While they talk about accountability and justice for the victims, it is really the last thing they care about. Minister for Education Norma Foley has ‘convened a high-level group which will progress the work that is needed to establish a commission to investigate how to go forward with redress.’ 

In plain English, they will do the bare minimum and try to brush this story under the rug.

Smash Capitalism!

What a sick joke the ruling class have been willing to play on the Church’s victims. But what else should we expect from them at this point? 

This government has overseen skyrocketing levels of homelessness, affecting over 4,000 children. On top of this, 230,000 children suffer from material deprivation. Levels of violence against women have been rising while social services are being slashed. Can a government with this track record be expected to deliver anything more than hollow words when it comes to protecting women and children?

Of course not! They allow this horrible exploitation of the most vulnerable in society for the exact same reason they allow the abuses of the Church: they are the loyal servants of capitalism.

It is the very nature of the capitalist state, not the policy of this or that government, that is the problem.
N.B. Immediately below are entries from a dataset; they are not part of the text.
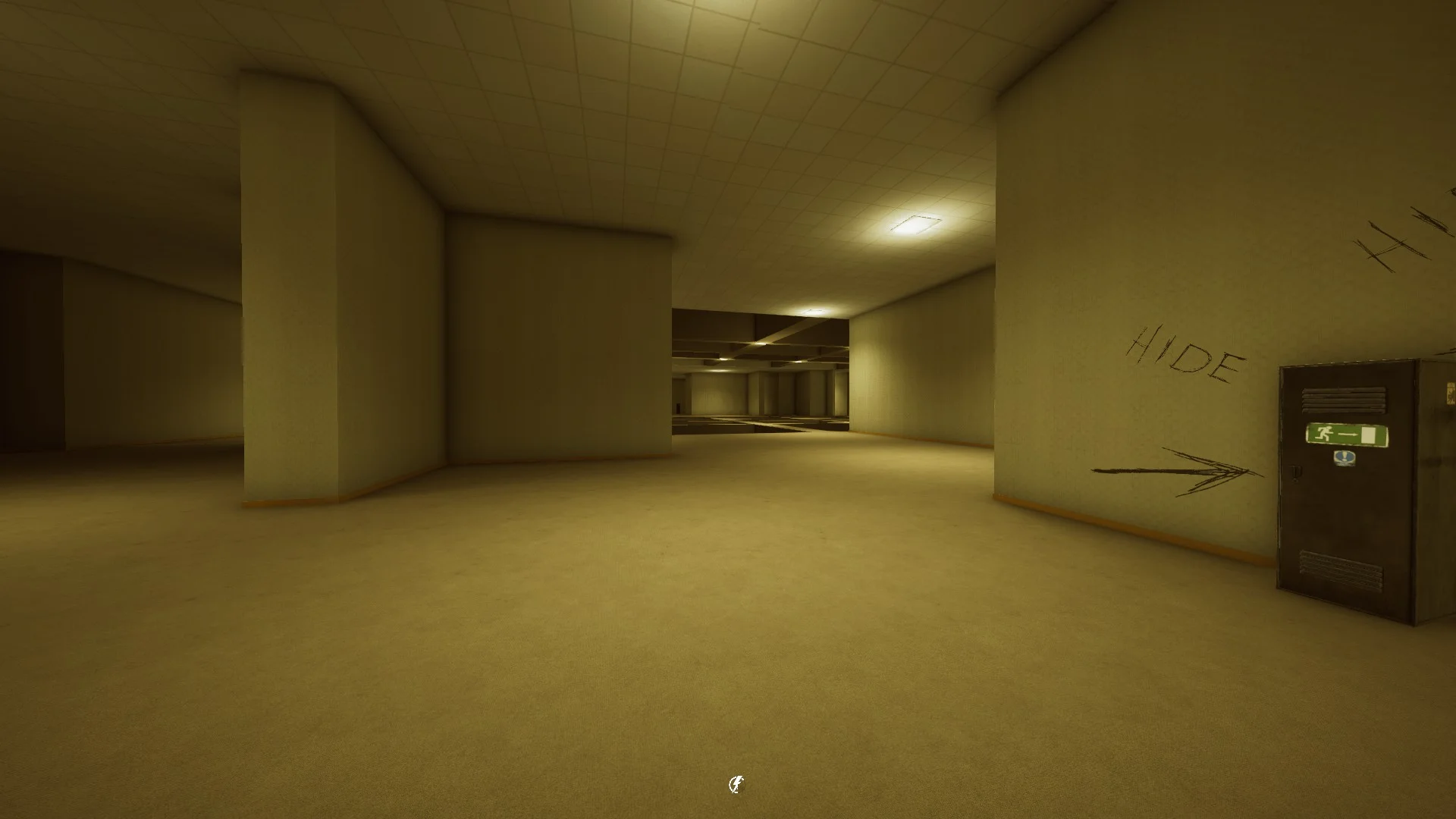 The main area of the Lobby, Inside The Backrooms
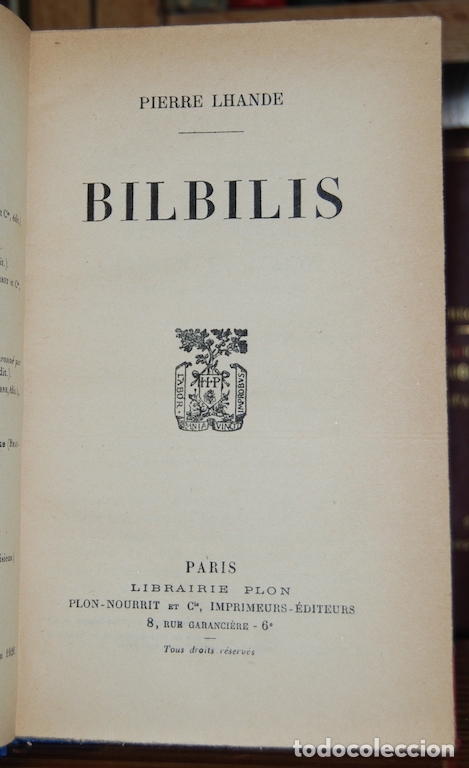 Libros: BILBILIS - LHANDE, Pierre - Foto 1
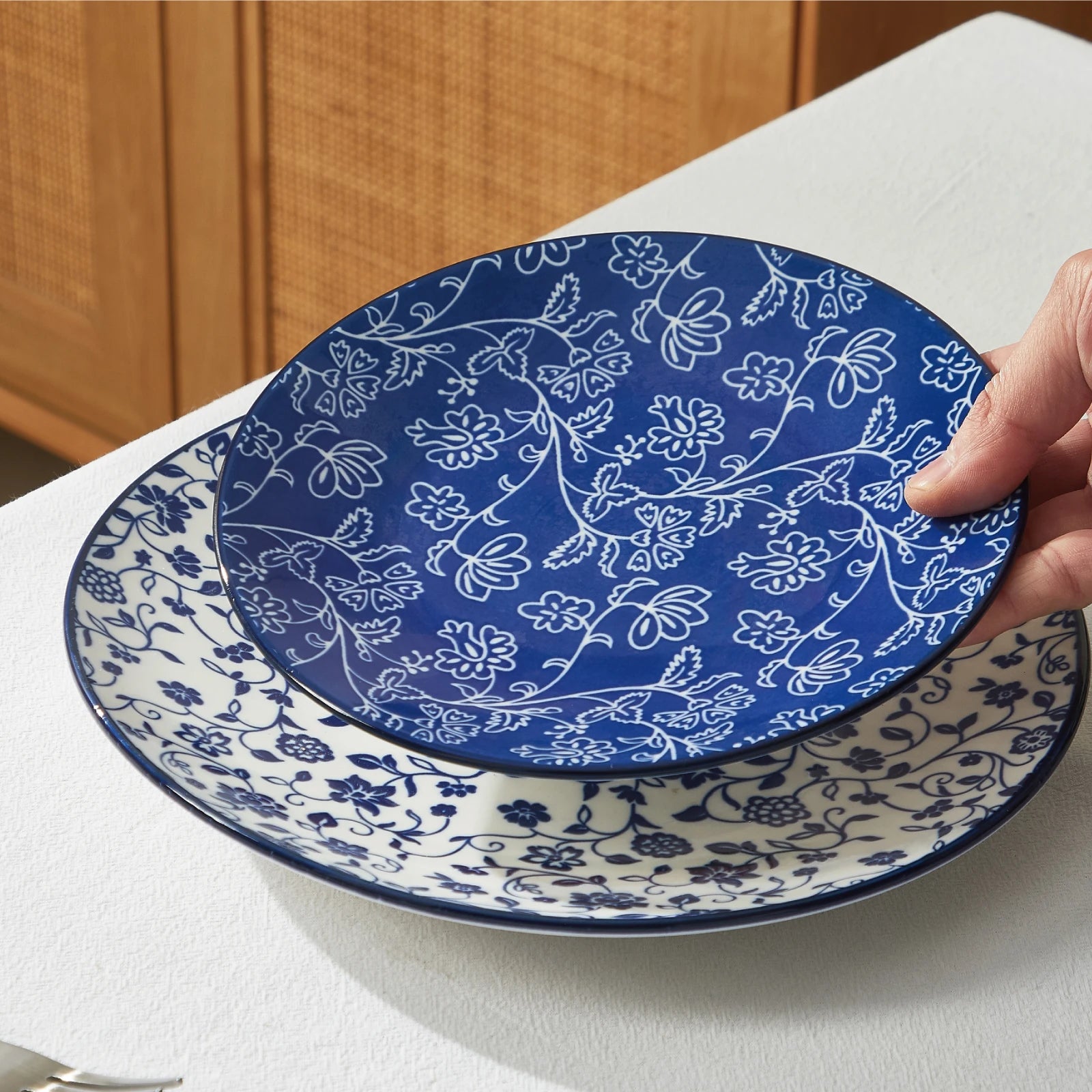 Vintage Blue Dish Sets -12pcs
On areas like education and healthcare, the Church and the Irish State are completely interwoven together. Those on the left who foster illusions that separation can be achieved by reformist means and on a capitalist basis are only playing into the hands of the ruling class, which is only too happy to diffuse the outrage into a myriad of commissions and shallow promises for future changes. 

The bible of all things explains this clearly:

“No man can serve two masters; for either he will hate the one and love the other, or else he will hold to the one and despise the other. Ye cannot serve God and mammon.”

The real divide in society is between the capitalists, with the support of the Church and the State, on one side and the workers on the other. Any sort of tinkering around with the capitalist state to make it kinder to workers is to try and serve two masters at once. 

In order to sweep away the barbaric legacy of the Church, a socialist revolution is necessary to completely overthrow capitalism and replace it with the rule of the working class.